Ervin admitted that the evidence didn't indicate positively that Strickler had raped Whitlock, although semen stains were found on the T-shirt he had been seen wearing that night.

"There is no question why they wanted to abduct her," he argued. "They wanted to rob her and sexually assault her."

They wanted a car so badly that they were willing to kidnap for it, rob for it and kill for it, he said.

Then they killed her by hitting her on the head "not once, not twice, but three times or more" with the rock.

Why did they do this? To prevent "it" from giving them any more trouble, Ervin said, citing the testimony of Donna Kay Maddox Tudor.

Tudor was with Strickler and Henderson after Whitlock was murdered and she testified that she overheard them talking about "it" and using a "rock crusher" on it.

"Were they making a sick joke about a rock crusher or did they say the rock crushed her?" Ervin asked the jury.

He also said, "That's a terrible way to refer to somebody, as `it,' but that's what they were doing."

Ervin showed the jury before and after photographs of Whitlock. In one, she was smiling. The other graphically pictured the fatal head injuries she sustained - blows, he said, that came from the rock dropped on her head by one person while the other person held Whitlock down to the ground.

"Take it to the jury room and lift it yourselves," he said. "I submit to you that there's no way one man could have done this crime. This is the case of two men acting jointly to kill her."

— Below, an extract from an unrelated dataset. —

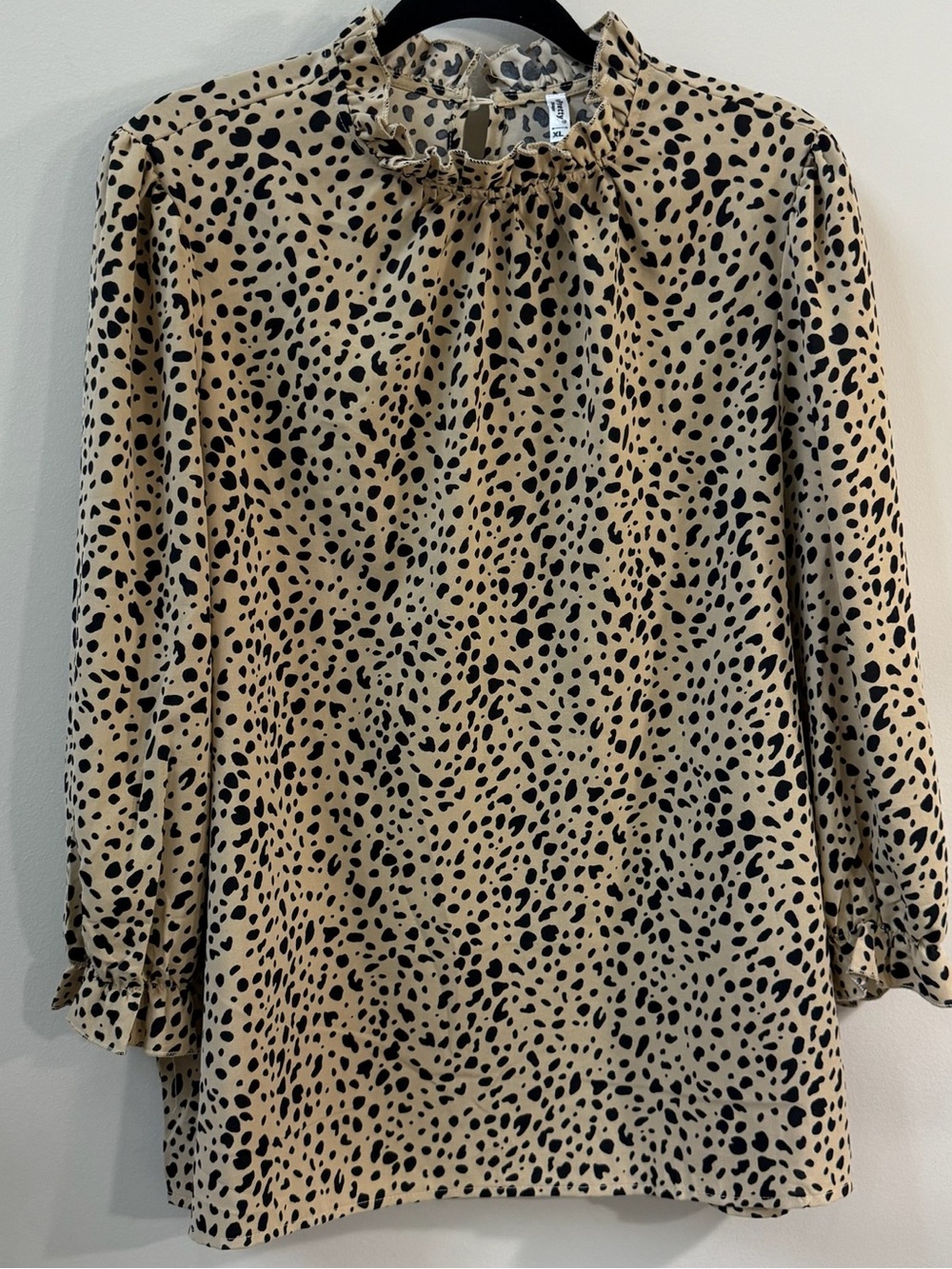 Leopard Print Long Sleeve Blouse Size XL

He called the killing brutal and senseless.

"For an hour and a half, this woman lived through hell," Ervin told the jurors. "Before that, she was singing. She was a happy young woman."

He said Strickler's actions warranted the death penalty on the capital murder charge and the maximum sentence, life in prison, on both the robbery and abduction charges.

"You are this man's jury, but you are the jury for the Whitlock family, too - her mother and father, her sisters and her friends. This is a case where justice will not be done unless the death penalty is imposed," he said.

Strickler's attorney, public defender William Bobbitt, argued in his closing statement that Strickler didn't deserve death.

He reminded the members of the jury that to impose capital punishment, they must be convinced beyond a reasonable doubt that Strickler was the person who killed Leann Whitlock.

If there was any doubt, then they could convict him only of first-degree murder as an accessory to the slaying. Bobbitt argued that there was no evidence indicating Strickler actually committed the murder.

Bobbitt's final defense witness, Jay Tudor, the estranged husband of Donna Tudor, claimed Strickler never got out of the stolen car the night Whitlock was murdered.

Jay Tudor, who was brought Thursday morning from the Caroline County Jail to testify, said Donna Tudor told him in March that she had been with Strickler and Henderson that night.

But she and Strickler had stayed in the car while Henderson had committed the murder, Jay Tudor testified.

Under cross-examination from Ervin, Jay Tudor went on to testify that Donna Tudor told him Whitlock had picked her up in her car in Staunton.

Then they had driven back to Harrisonburg and had picked up Strickler and Henderson, he said Donna Tudor told him. They drove around for a few days and then Whitlock was taken to the woods and killed, he said.

During his closing argument, Bobbitt admitted that Strickler probably was there. And Strickler probably was involved in the murder in some way, but Bobbitt argued that Ervin failed to place the murder weapon in Strickler's hands.

No fingerprints were found on the rock. No witnesses testified about the murder itself. Only Strickler and Henderson know for sure, and Bobbitt contended it was actually Henderson who dropped the rock on Whitlock's head.

"All of the evidence shows pretty clearly that there was a robbery. There was a kidnapping and there was a murder. But there's no evidence that Tommy Strickler did the killing," Bobbitt said.

Circuit Judge Thomas H. Wood ordered a presentencing report on Strickler before making a decision on whether to follow the jury's sentence.

The report is expected to take a month to prepare. If Wood imposes the death sentence, the ruling automatically will be appealed to the Virginia Supreme Court.